Jenni Hermoso fala pela primeira vez em tribunal sobre o beijo com Luis Rubiales

A atacante espanhola quebrou o silêncio no tribunal, descrevendo pela primeira vez o que sentiu após o beijo forçado do então presidente da Federação Espanhola de Futebol. O gesto, que deveria ter sido um momento de celebração, tornou-se numa recordação amarga que marcou o dia mais feliz da sua vida.

Jennifer Hermoso
04 de fevereiro de 2025 às 12:04 Safiya Ayoob

A final do Campeonato do Mundo Feminino de 2023 deveria ter sido um marco inesquecível na carreira de Jennifer Hermoso.
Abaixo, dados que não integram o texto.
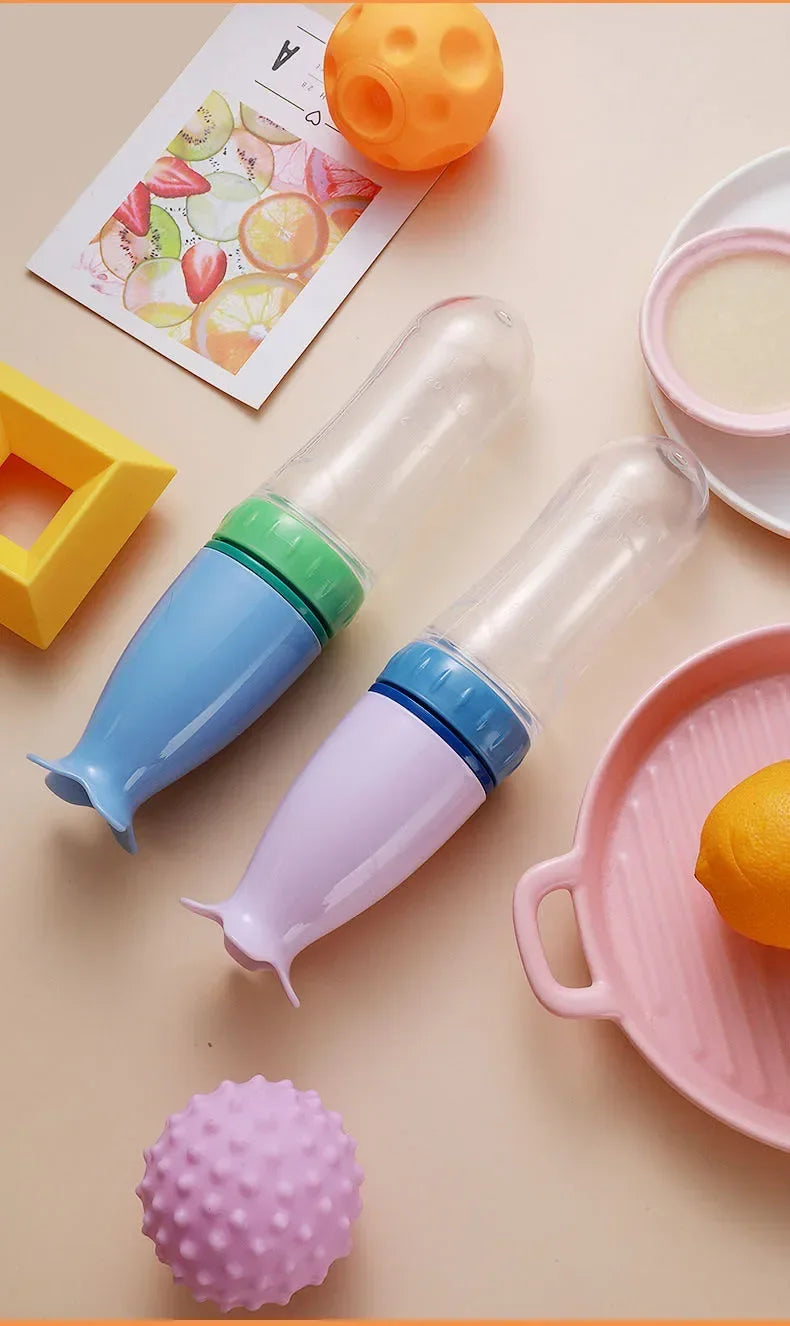 Biberon Bébé Silicone avec Cuillère - Biberon à Pousse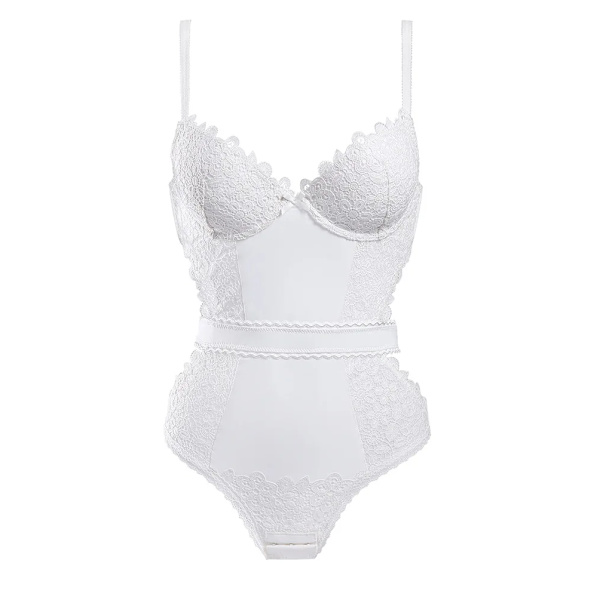 Sexig bodysuit för kvinnor Broderi Spets Ihålig rygg Vadderad kupa Bygel i ett stycke Underkläder Sexiga underkläder utan ärm White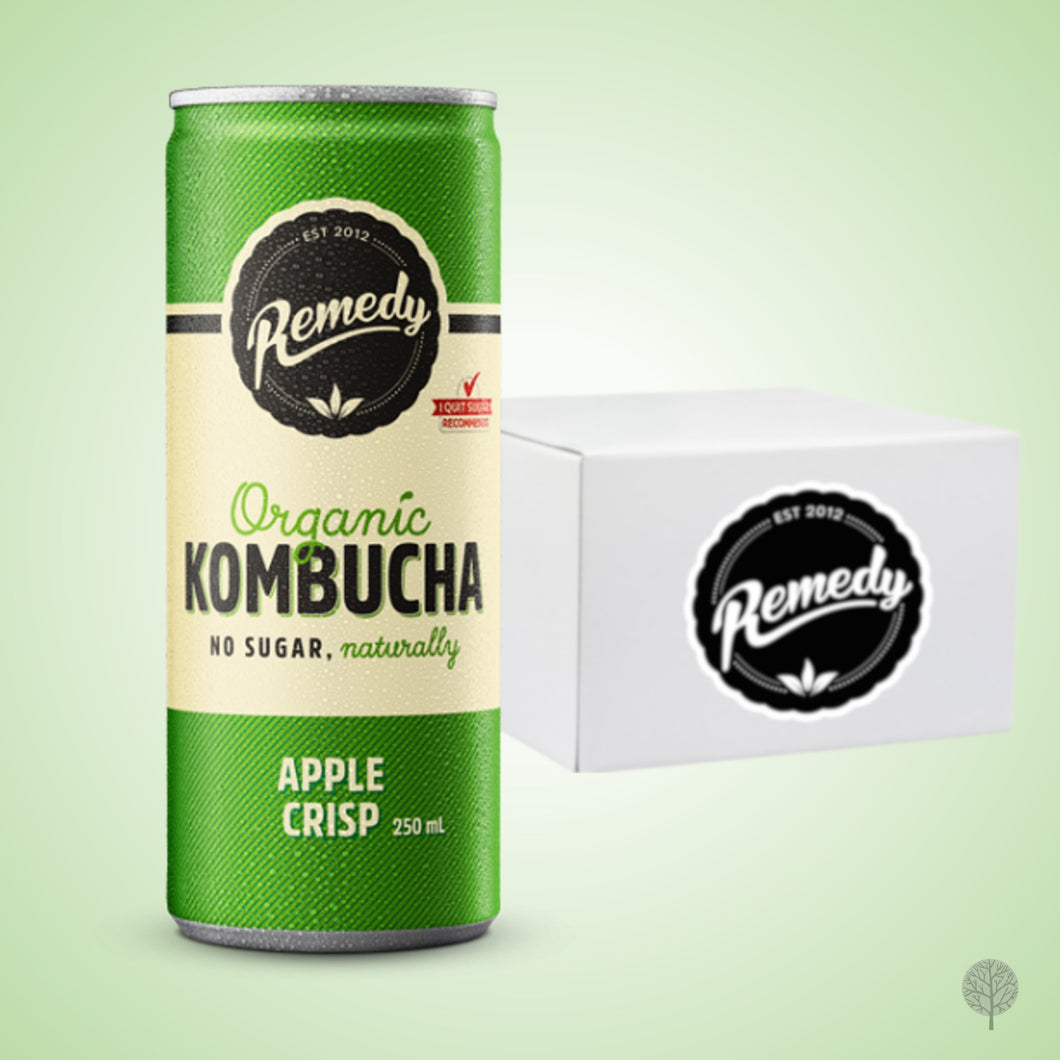 Remedy Kombucha Apple Crisp Flavour - 250ml x 24 cans Carton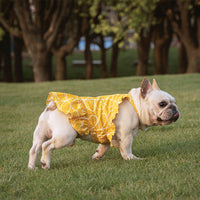 HKM-6720061 Cotton Cartoon Print Pet Dress Skirt in Pink and Yellow, Sizes 1 to 6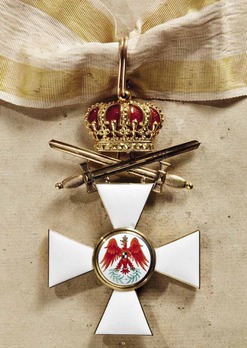 Order of the Red Eagle, Type V, Military Division, I Class Cross (with crown, in gold) Obverse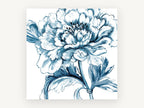 Indigo Peony Study, floral canvas wall art print, front view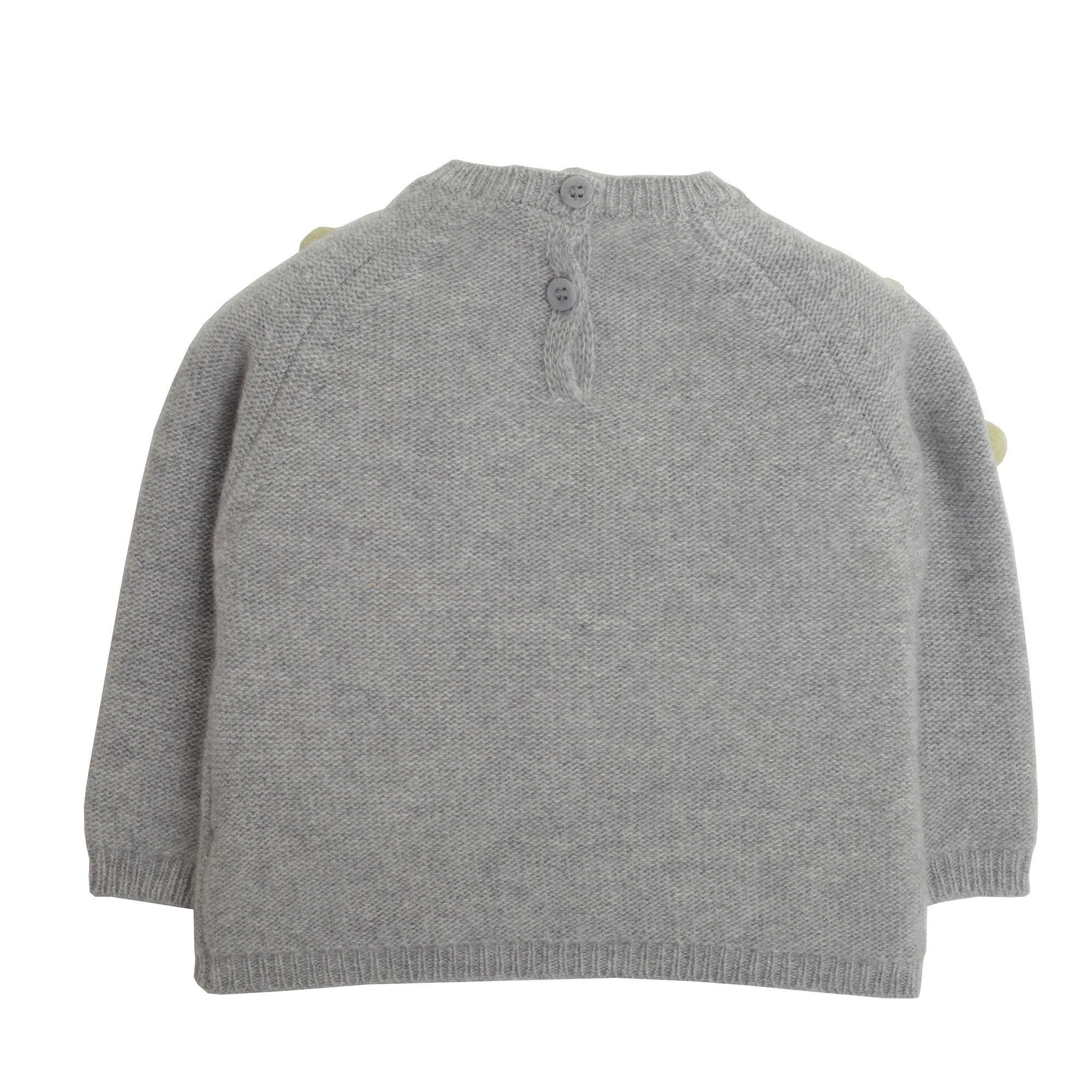 Girls Cloud Grey Wool Sweater With Apple Green Pom-pom Trims - CÉMAROSE | Children's Fashion Store - 2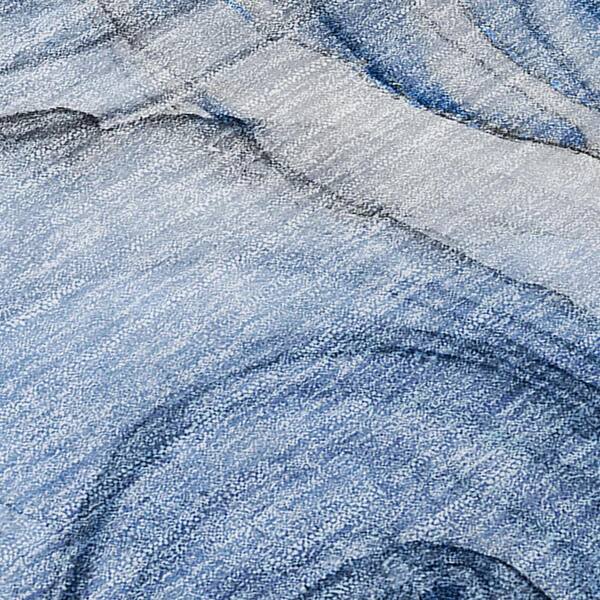 Ivory Blue and Gray 10 ft. x 14 ft. Abstract Indoor / Outdoor Area Rug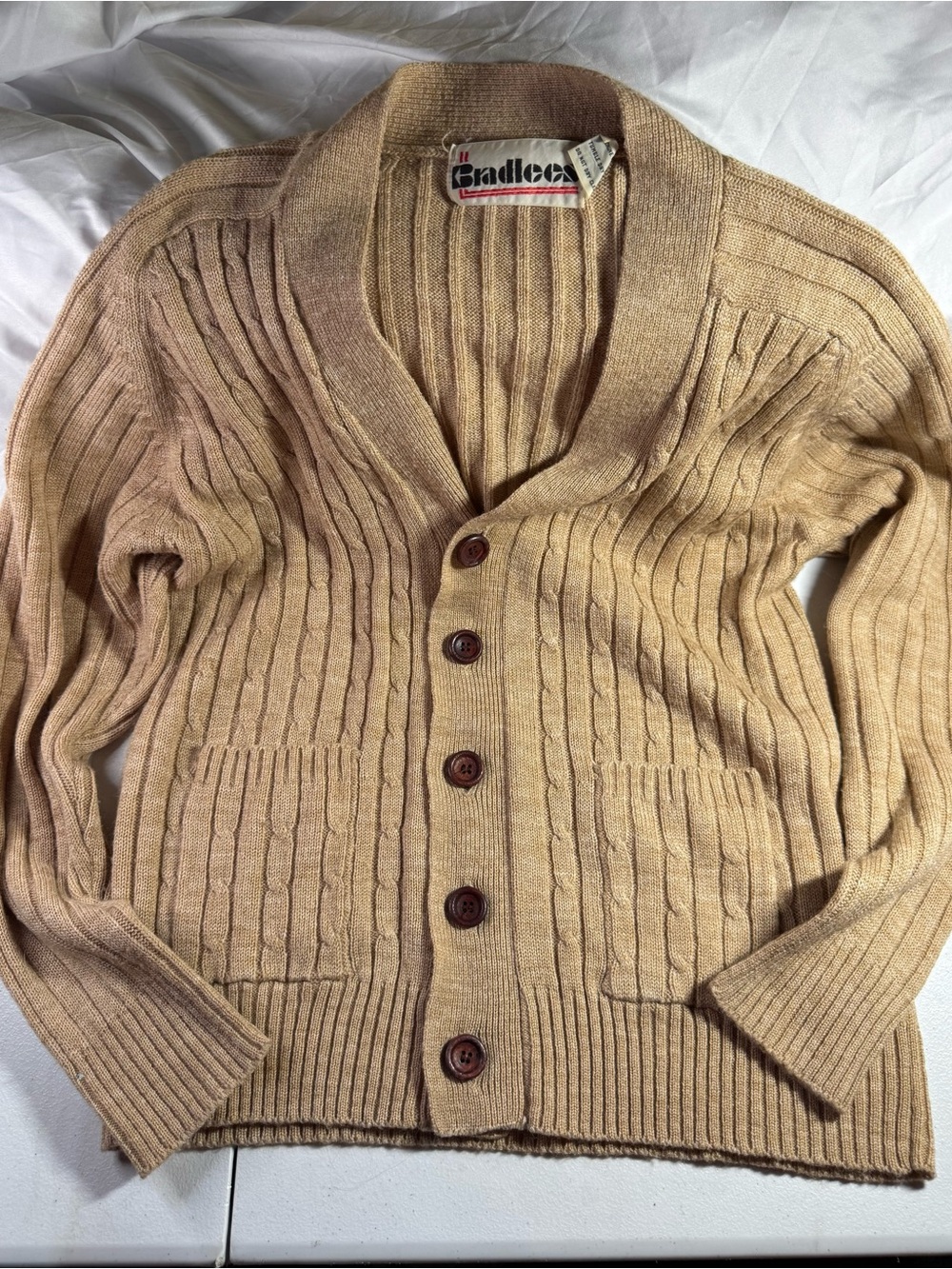 Tan Shawl Collar Ribbed Cardigan Sweater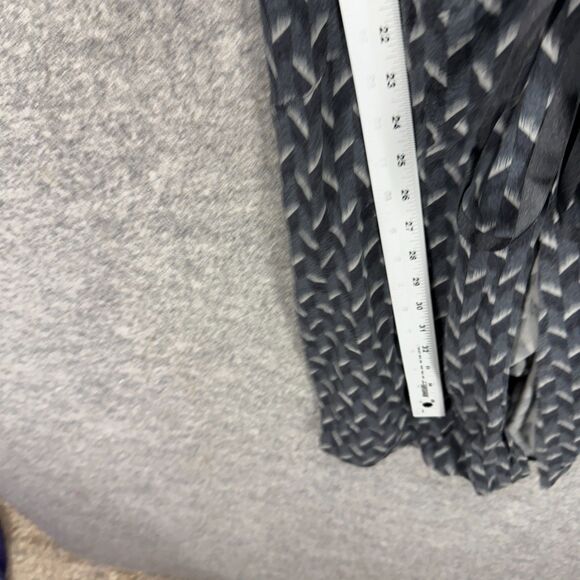 Express Wrap Dress Women XS Gray Geometric Midi Tasseled Tie Up V-Neck Casual - Picture 6 of 7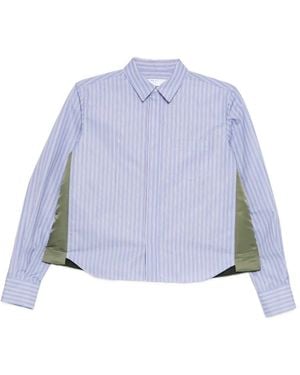 Sacai Striped Twill Shirt - Blue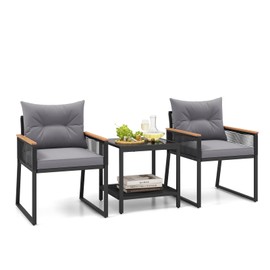 HAPPYGRILL 3 Pieces Patio Furniture Set PE Rattan Wicker Chairs with 2 Tier Coffee Table, Soft Back and Seat Cushions, Outdoor Conversation Set for Backyard, Garden and Poolside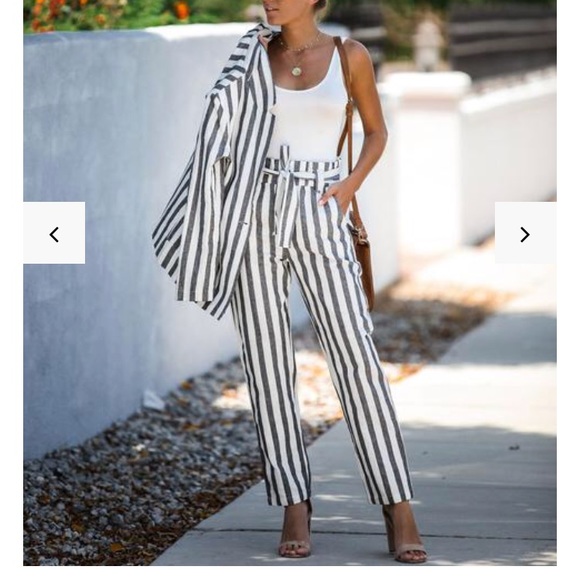 Vici Pants - Extended Vacay Striped Cotton Pocketed Tie Pants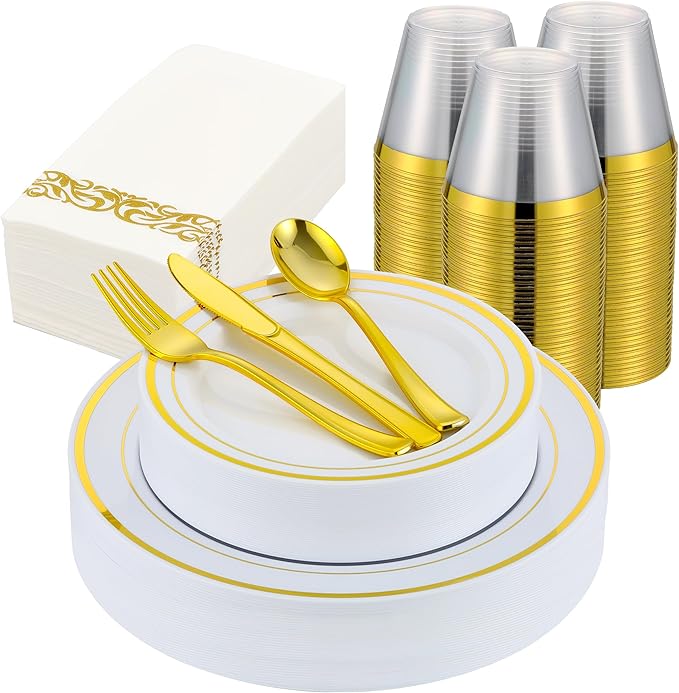 350 PCS Gold Plastic Dinnerware for 50 Guests, Gold and White Plastic Disposable Plates, 50 Dinner Plates, 50 Dessert Plates, 50 Silverware Set, 50 Cups, 50 Napkins for Party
A vitória da Espanha por 1-0 sobre a Inglaterra coroou anos de esforço e dedicação, simbolizando a ascensão meteórica da seleção feminina no panorama mundial. No entanto, o que deveria ser lembrado como um momento de glória ficou irremediavelmente associado a um episódio que chocou o mundo: o beijo forçado de Luis Rubiales, então presidente da Federação Espanhola de Futebol, durante a cerimónia de entrega das medalhas.

Pela primeira vez desde o incidente, Hermoso descreveu em tribunal o impacto que o gesto teve na sua vida pessoal e profissional. "Senti-me desrespeitada. Penso que foi um momento que manchou um dos dias mais felizes da minha vida", afirmou, visivelmente emocionada. O beijo, captado em vídeo e amplamente divulgado, tornou-se um símbolo do sexismo e do abuso de poder que ainda persistem no desporto.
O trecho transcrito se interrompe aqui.